* Dataset records
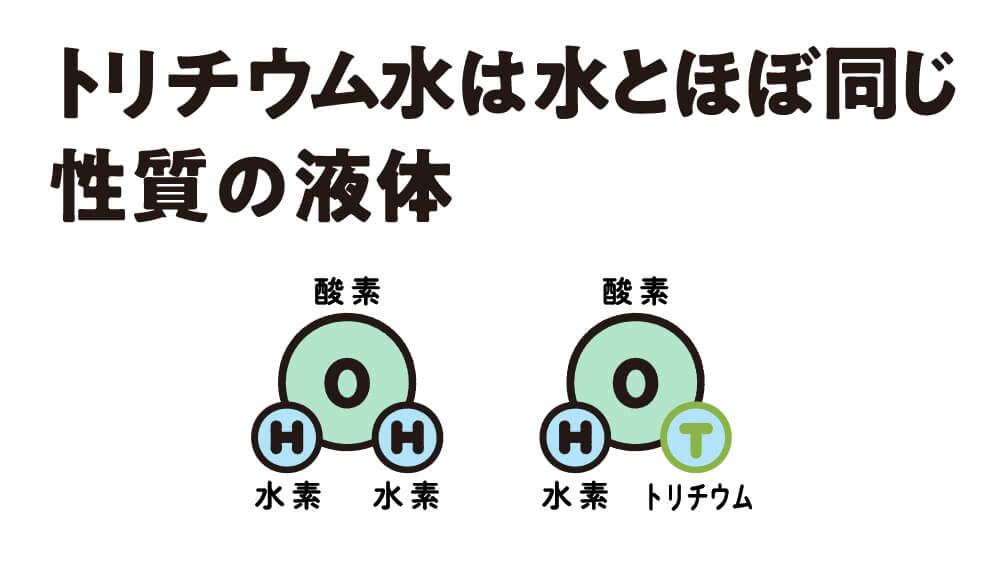 トリチウム水は水とほぼ同じ性質の液体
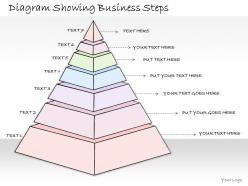 1814 business ppt diagram diagram showing business steps powerpoint template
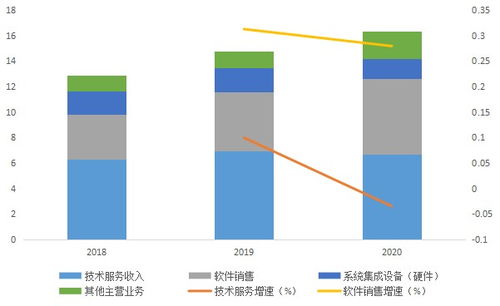 醫療信息化產業2021年5月格局掃描 衛寧健康與創業慧康在信息系統集成服務領域的競合態勢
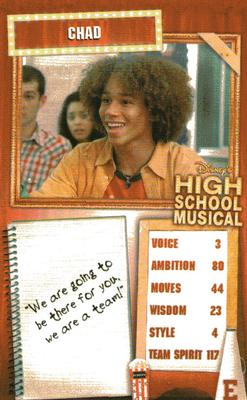 2007 Top Trumps Specials High School Musical #NNO Chad Front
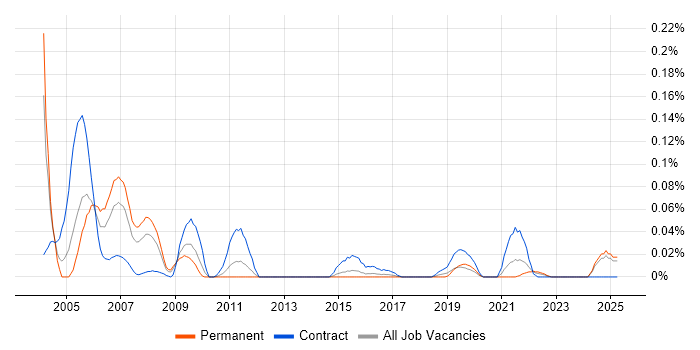 Job vacancy trend for Oracle HRMS Developer in the Midlands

* Exercise details
Retype the line containing "醫療信息化產業2021年5月" and each line after it through the last line of the entries above, exactly, with no pictures and nothing else.

* Response below
 醫療信息化產業2021年5月格局掃描 衛寧健康與創業慧康在信息系統集成服務領域的競合態勢
 2007 Top Trumps Specials High School Musical #NNO Chad Front
 Job vacancy trend for Oracle HRMS Developer in the Midlands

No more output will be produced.